African Stock Market Liquidity Report
A practical report explaining African stock market liquidity, spreads, trade frequency, market size, price staleness and how investors should interpret thinly traded shares.
Last reviewed 2026-06-22 by mystocks.africa Editorial
Executive summary
Liquidity is one of the most important differences between African stock markets and larger developed markets. Investors should evaluate trade frequency, bid-ask spreads, free float, market depth, stale prices and settlement timing before relying on a quoted price.
A visible last price does not guarantee that the stock traded recently.
Large listed companies can still have limited free float or episodic trading activity.
Liquidity should be evaluated alongside currency, settlement cycle and order size.
Thinly traded shares may require limit orders, patience and extra risk controls.
How to read liquidity
Useful liquidity indicators include turnover, trade count, bid-ask spread, average daily value traded, free float, market capitalization and the age of the last trade. No single metric is enough on its own.

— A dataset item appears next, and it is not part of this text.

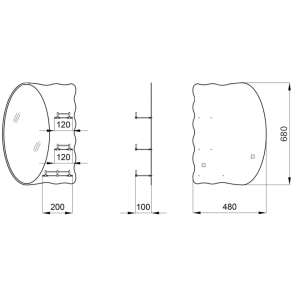 Зеркало настенное Zerix SOLO MOZ01-480x680x100 асимметричное с 3-мя полками (ZX5624) №2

Why liquidity affects investors
Liquidity affects execution price, slippage, ability to exit, suitability for larger orders and the reliability of daily price changes. A quote can be technically valid while still being hard to transact at scale.
How mystocks.africa frames liquidity
mystocks.africa stock pages show market status, quote context and related exchange information. Investors should still treat low-liquidity securities with caution and review risk disclosures before placing orders.